Returning to the attacker perspective, it is clear that bounds on the minimum degree are more meaningful than bounds on the algebraic degree. However, it is also clear that even those are not enough to exclude the existence of integral attacks. In particular, even so the minimum degree of a function is \(n-1\), it could be the case that a certain monomial \(x^{u}\) of degree \(n-1\) never occurs in the ANF of the linear combination \(\langle \beta , E_k(x) \rangle \) of output bits.

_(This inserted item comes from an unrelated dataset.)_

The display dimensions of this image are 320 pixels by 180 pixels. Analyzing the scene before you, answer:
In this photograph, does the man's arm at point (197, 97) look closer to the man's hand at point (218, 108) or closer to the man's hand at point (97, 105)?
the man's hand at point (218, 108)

That is, a minimum degree of \(n-1\) does not exclude that \(\langle \beta , \lambda _{u,v} \rangle =0\) for a fixed u and all v.

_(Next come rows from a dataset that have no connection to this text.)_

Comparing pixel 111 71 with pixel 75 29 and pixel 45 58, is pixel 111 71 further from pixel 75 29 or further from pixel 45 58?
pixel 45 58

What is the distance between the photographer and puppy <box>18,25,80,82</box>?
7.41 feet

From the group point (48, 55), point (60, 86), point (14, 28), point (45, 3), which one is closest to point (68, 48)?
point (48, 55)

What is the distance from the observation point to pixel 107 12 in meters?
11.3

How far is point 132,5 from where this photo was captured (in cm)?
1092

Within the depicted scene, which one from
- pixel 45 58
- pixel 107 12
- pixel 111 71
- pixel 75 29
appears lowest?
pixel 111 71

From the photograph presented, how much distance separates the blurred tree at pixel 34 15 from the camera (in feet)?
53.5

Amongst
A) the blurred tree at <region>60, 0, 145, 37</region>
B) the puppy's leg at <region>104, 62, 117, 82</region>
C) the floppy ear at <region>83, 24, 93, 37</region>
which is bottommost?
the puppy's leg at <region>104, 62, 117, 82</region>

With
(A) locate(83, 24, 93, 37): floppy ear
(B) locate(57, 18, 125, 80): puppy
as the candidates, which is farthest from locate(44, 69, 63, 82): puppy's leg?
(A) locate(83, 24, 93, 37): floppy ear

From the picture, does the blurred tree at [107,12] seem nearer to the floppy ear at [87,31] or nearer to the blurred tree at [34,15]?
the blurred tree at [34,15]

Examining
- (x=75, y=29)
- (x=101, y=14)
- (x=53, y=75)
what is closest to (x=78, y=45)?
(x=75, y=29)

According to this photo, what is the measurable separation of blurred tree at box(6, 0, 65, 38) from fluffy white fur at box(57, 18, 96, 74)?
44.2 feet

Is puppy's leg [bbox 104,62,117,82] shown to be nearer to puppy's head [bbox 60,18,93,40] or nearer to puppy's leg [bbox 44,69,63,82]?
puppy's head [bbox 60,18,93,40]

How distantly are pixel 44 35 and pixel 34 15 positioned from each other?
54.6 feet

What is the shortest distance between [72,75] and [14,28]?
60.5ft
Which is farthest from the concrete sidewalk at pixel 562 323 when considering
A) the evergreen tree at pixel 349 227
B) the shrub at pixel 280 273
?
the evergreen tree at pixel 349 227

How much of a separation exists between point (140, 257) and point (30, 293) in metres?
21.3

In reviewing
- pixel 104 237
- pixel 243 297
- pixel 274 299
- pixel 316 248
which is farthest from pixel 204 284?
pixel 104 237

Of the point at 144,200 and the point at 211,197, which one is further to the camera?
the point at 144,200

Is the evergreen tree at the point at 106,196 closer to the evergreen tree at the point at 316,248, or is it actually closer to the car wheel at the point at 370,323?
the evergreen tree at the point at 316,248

In order to ensure that this does not happen we have to show that for each fixed u of weight \(n-1\) there exist vectors \(v_i\) such that \(M_{S_u}(E_k)\) has full rank for

$$\begin{aligned} S_u=\{ (u,v_1),\dots , (u,v_t)\} . \end{aligned}$$

Here, we are (i) more restricted in the choice of the pairs in S as we always have to use the same fixed u and (ii) have to repeat the process n times, once for each u of weight \(n-1\).

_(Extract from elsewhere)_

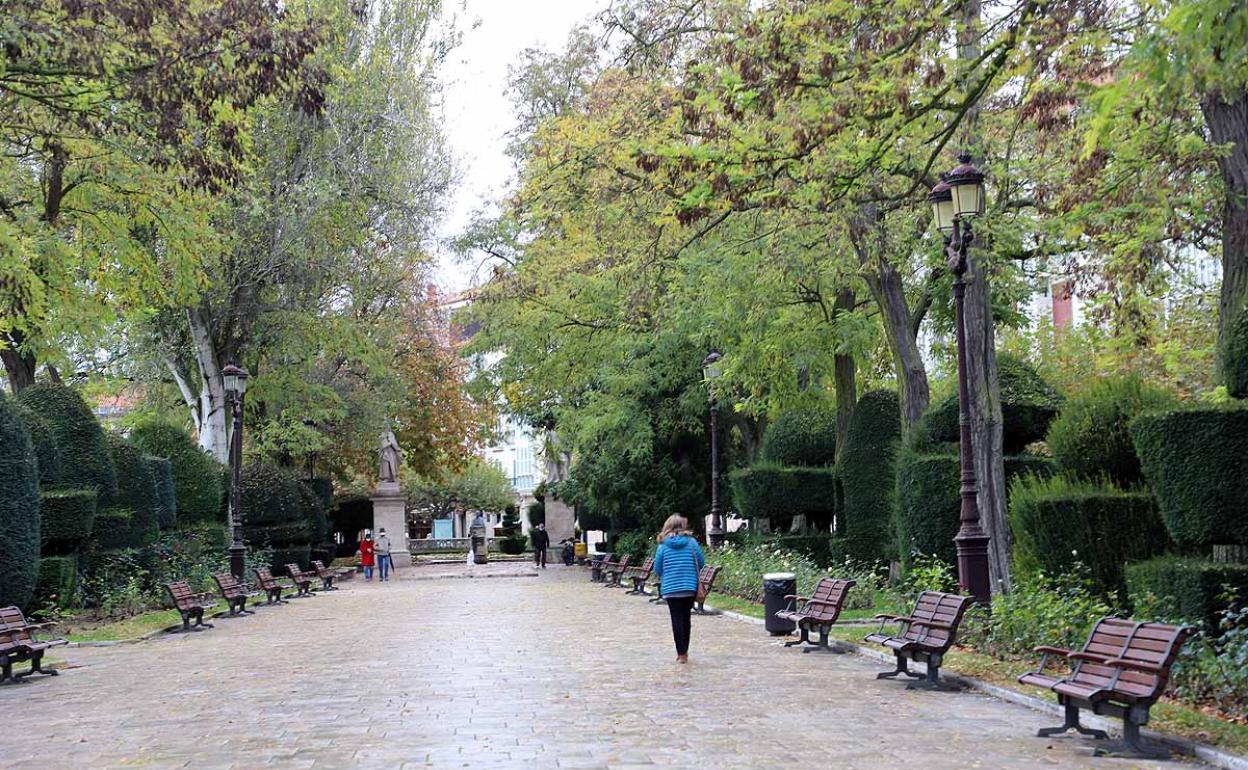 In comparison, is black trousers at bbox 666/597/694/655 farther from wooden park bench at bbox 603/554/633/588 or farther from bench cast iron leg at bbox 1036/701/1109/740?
wooden park bench at bbox 603/554/633/588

Interestingly, the appearance of all high-degree monomials excludes a large class of integral distinguishers. Namely, for a cipher where all high-degree monomials appear (for at least one key), there will not be integral distinguisher by fixing bits that work for all keys. This is a consequence of the following observation that separates the pre-whitening key from the remaining round keys.

Proposition 3

Let \(E_k:\mathbb {F}_2^n \rightarrow \mathbb {F}_2^n\) be a cipher with ANF

$$\begin{aligned} E_k(x)= \sum _{u \in \mathbb {F}_2^n} p_u(k) x^u \end{aligned}$$

and consider a version of \(E_k\) with an additional pre-whitening key \(k_0\), i.e.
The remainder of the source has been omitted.